CA has just started bringing grid storage online in the last few years but it’s already making an appreciable difference during peak times that in the past years resulted in blackouts.

It shows the clear, achievable path to a renewable + battery (+ nat gas) future that’s 95% renewables and highly resilient. Grid storage isn’t a “10 years away” fantasy like anti-renewable advocates might wish and it’s the critical piece to make those plans possible.

https://www.caiso.com/todays-outlook/supply


What game are you playing, where the provision of electricity for industrial use isn't a goal?

Again-I have been hearing for 25 years about the infinite potential of solar energy in CA-and yet, even now, you need to play games as to when the cheapest time of day it is to charge your car from your residential address.


> there's no significant recycling of solar panels

There will be when it’s needed in a decade or two. Right now solar farms installed recently have years to go until they’re decommissioned. There’s already processes for it.


There’s no significant recycling of solar panels because they’re still in operation and don’t need to be recycled. Turns out solar panels last decades with only minor degradation so they haven’t needed to be recycled at scale.

They’re almost entirely glass and aluminium anyway. We know how to recycle glass and aluminium.


If you're going to make that comparison, you need to compare apples-to-apples and include solar efficiency in the coal too. After all coal's energy originally came from the sun. Plants converted the sunlight into energy at an efficiency of about 1%. A miniscule fraction of that energy went into the plant growth, and then a miniscule fraction of that energy was captured when the plant was converted into coal.
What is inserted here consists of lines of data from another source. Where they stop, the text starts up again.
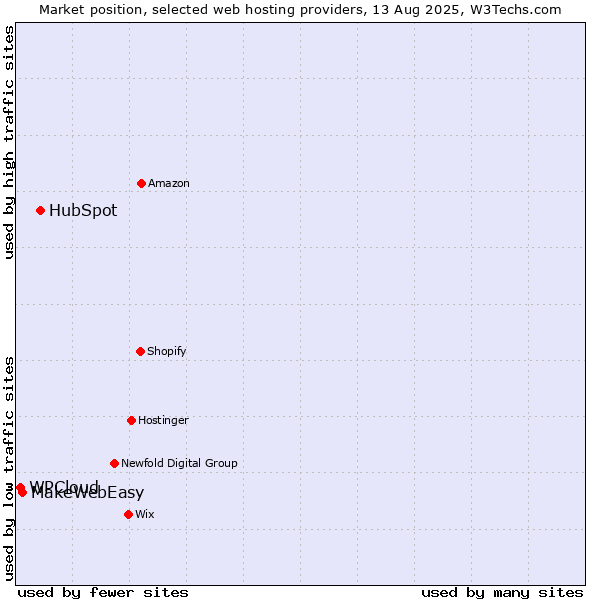 Market position of HubSpot vs. MakeWebEasy vs. WPCloud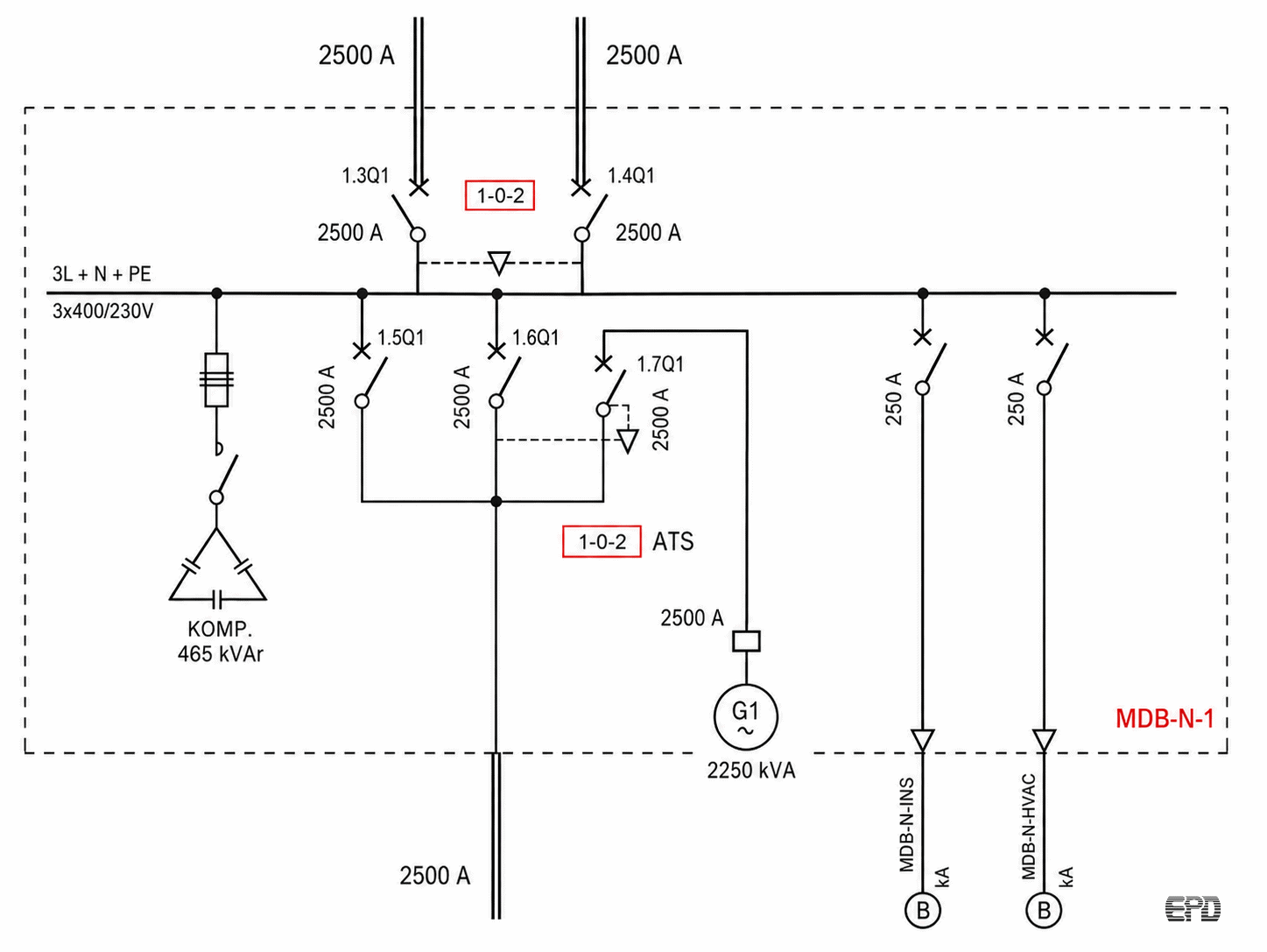 mdb n1 switchgear one line diagram mdb n1 switchgear one line diagram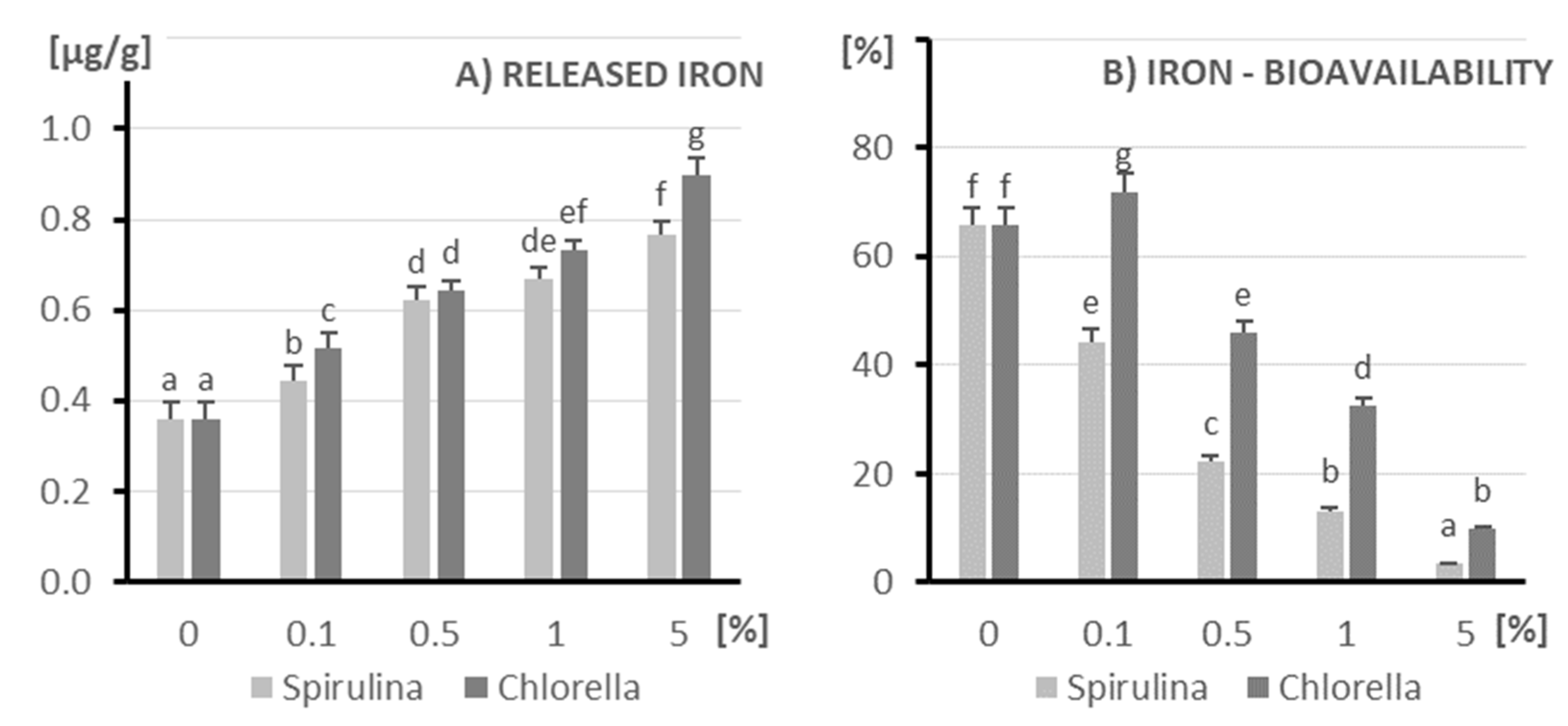 Applsci 15 06567 g003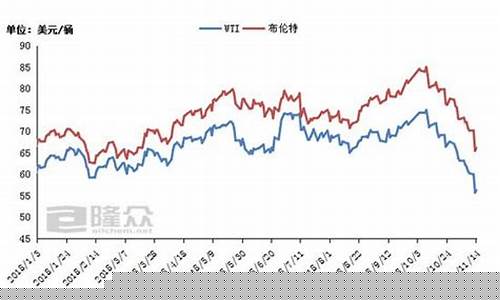 期货原油行业行情怎么样(期货原油行业行情怎么样啊)_https://www.hangfeite.com_科创板_第1张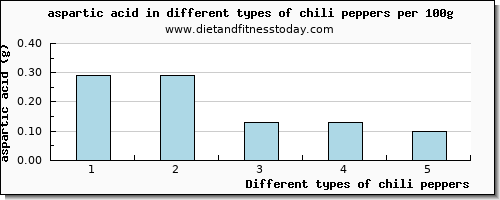 chili peppers aspartic acid per 100g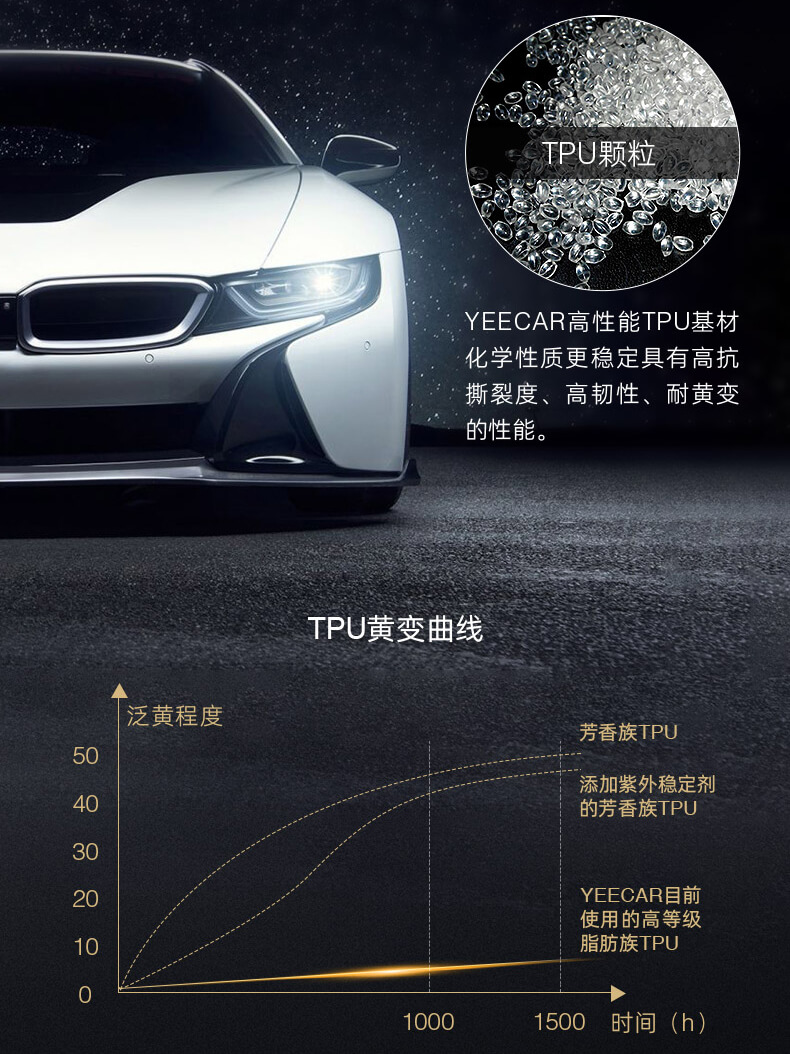 艺卡铠甲卫士好在哪，核心优势是什么？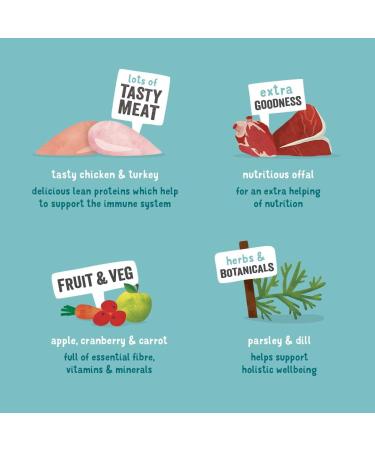 Edgard & Cooper Natural Wet Dog Food - (Chicken & Turkey 11 x 150g cup) - Grain & Gluten Free Natural ingedients & fresh meat full of essential amino acids for healthy insides Chicken/Turkey 150g Multipack - Buy Online on GoSupps.com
> Coal is neither cheap nor abundant in Ireland.

But it is abundant in Russia, Ukraine, Germany, and Poland. Also, there is nuclear power in France.

However, Russia and Ukraine are at war. Germany is willing to go green and destroy itself. EU hates Poland and other east European countries. And EU and the rest of the world can't disassociate nuclear power with weapons.

So I guess EU can enjoy their limited and expensive green energy.


>Coal is cheap

No it's not. I'm not talking about the environment either, coal plants are just straight-up more expensive than gas plants and renewables.

Coal plants are necessarily steam turbines and not internal combustion, because coal is filthy and the mercury/sulfur/etc would wreck the guts of any machinery it goes through. Thus, it's only used to boil water.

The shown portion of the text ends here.